Intercountry adoption needs better rules and regulations

    Leading adoption experts have called for intercountry adoption
    to be cleaned up, with better regulation in countries of origin and
    receiving countries.

    Romania was targeted for criticism by Carolyn Hamilton of the
    Children’s Legal Centre. She said that over the past decade
    children had been flooding out of the country. There was little
    compliance with the concept that intercountry adoption should only
    be used as a last resort.

    She told delegates that in Romania large sums of money were
    being paid to agencies, often based in the US, which were
    unaccountable and unregulated.

    Hamilton also said that a “points system” introduced by Romania
    in an attempt to reduce the flow of children to other countries,
    and to ensure adequate resources for local preventive and child
    welfare services, had backfired.

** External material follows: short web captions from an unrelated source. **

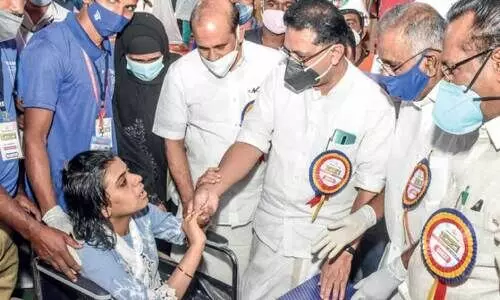 ഇരട്ടകള്‍ക്ക് സ്‌നേഹ സാന്ത്വനമായി ജീവനക്കാരുടെ ടെലിവിഷന്‍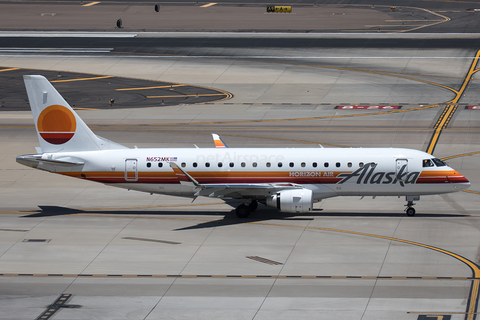 Alaska Airlines (Horizon) Embraer ERJ-175LR (ERJ-170-200LR) (N652MK) at  Phoenix - Sky Harbor, United States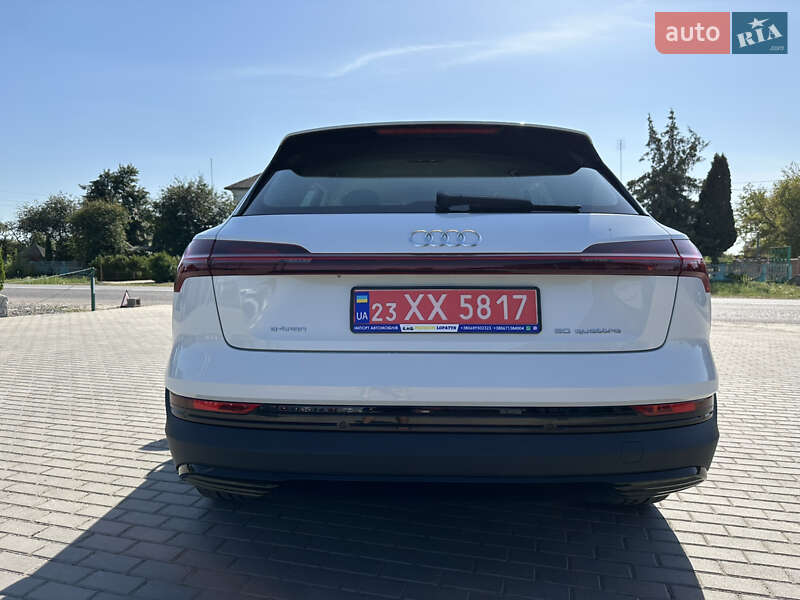 Внедорожник / Кроссовер Audi e-tron 2020 в Лопатине фото 9 Внедорожник / Кроссовер Audi e-tron 2020 в Лопатине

As a result, the number of
    children adopted rose from 1,057 children in 1995 to 2,500 in
    2000.

    While agencies were attempting to introduce more stringent
    controls in an attempt to take out the financial incentives,
    Romania was also unlikely to be able to afford losing the estimated
    $125 million dollars that intercountry adoption brought in each
    year.

    Hamilton also said she had “real doubts about the Hague
    Convention”, adding: “I think there are questions about whether the
    convention makes something socially acceptable when it really
    isn’t.”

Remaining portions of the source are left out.